No one says it. They don’t want to believe it. But deep down inside, most of us kind of assume that some people are gifted communicators and the rest of us are just average. We don’t treat communication like any other skill that can be developed, learned, taught. Instead we think great communication comes from great communicators.
But what if great communication was the result of decisions. Choices that we, each one of us, could make.
1. Choose dialogue over monologues
One of the first choices every communicator has to make is how comfortable they are with monologues. It turns out most of us are pretty good at it. We talk, and talk, and fall in love with our voices. But being good, even great, at communication is about dialogue instead of monologues.
Our choice here is simple to write. Harder to live out. But the reality is simple – to be great at communication we need to be equally good at listening as we are at talking. More importantly, we have to come to love the dialogue. We have to get comfortable not knowing things, get comfortable learning things by listening.
2. Choose empathy over ego
If you thought the last choice was difficult, this one might feel even more difficult. Like I said before, it’s easy to fall in love with our own voices. We also can fall in love with our own brains, our own thoughts, and just about everything about ourselves. That’s the ego. And to be great at communication, you have to want to get past ego. You have to want to choose empathy.
Here’s the good news.

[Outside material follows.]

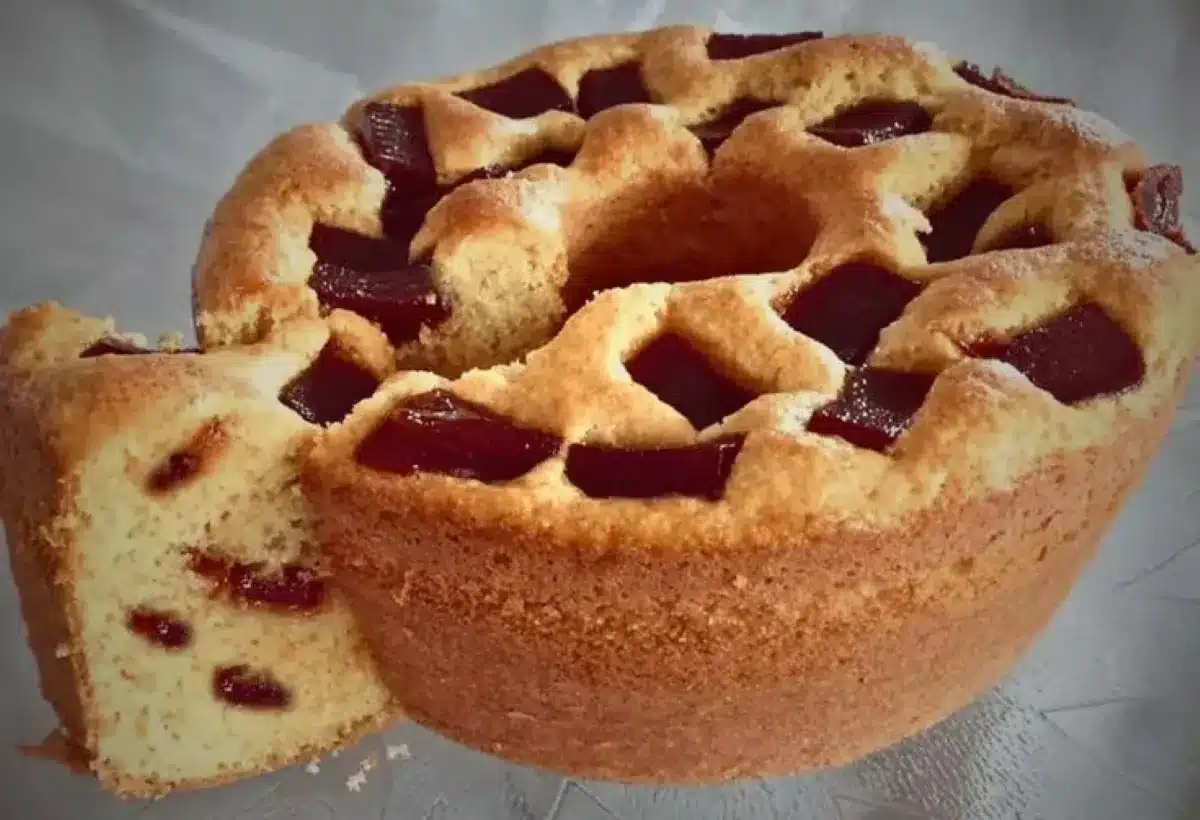 Bolo de fubá com pedaços de goiabada servido em forma redonda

The more you choose empathy over ego, the easier it gets. Ego gets fed by attention, and it shrinks if you give it less.
Empathy is all about putting yourself in someone else’s shoes. A direct consequence of this dynamic is predictable – the more you learn to put yourself in others’ shoes, the better you get at communicating.

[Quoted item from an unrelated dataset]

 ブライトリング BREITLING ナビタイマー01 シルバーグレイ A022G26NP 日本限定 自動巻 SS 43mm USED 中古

3. Choose helpful over heroic
Most leaders like having an impact. But it’s easy to look for home runs and big moments. Instead, great communicators just keep getting hits. They choose to be helpful regularly – at each touchpoint – rather than waiting for their big moment.

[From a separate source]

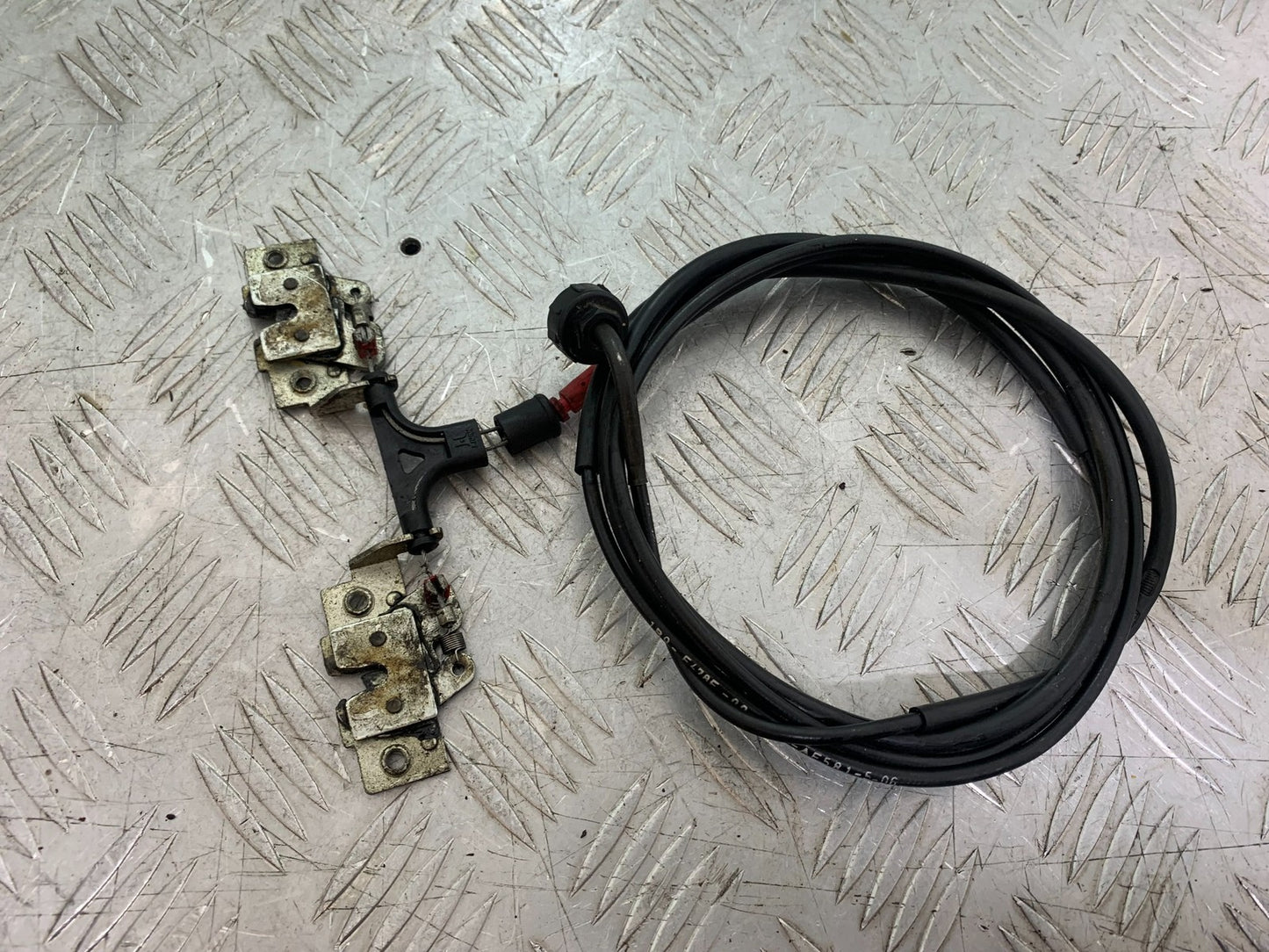 YAMAHA XMAX 250 XMAX 250 SEAT CATCH AND CABLES  YEAR 2006-09 (CMB1201)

When you’re interacting with others, do you end each conversation or interaction with the simple question, “What else can I help you with?” The more you lean into being helpful, the more trust you’ll build with your listeners – which will help your message’s ability to have impact.
4. Choose consistency over calculations
I know folks that spend a lot of time figuring out the perfect words. They communicate in a way that can only be described as calculated. But the great communicators I’ve spent time with are much more relaxed about sharing their insights. They’re not focused on specific words.
In fact, sometimes it feels like they’re massaging their messaging based on who they’re talking with. And that’s a skill that only comes with practice. So choose consistency over calculations.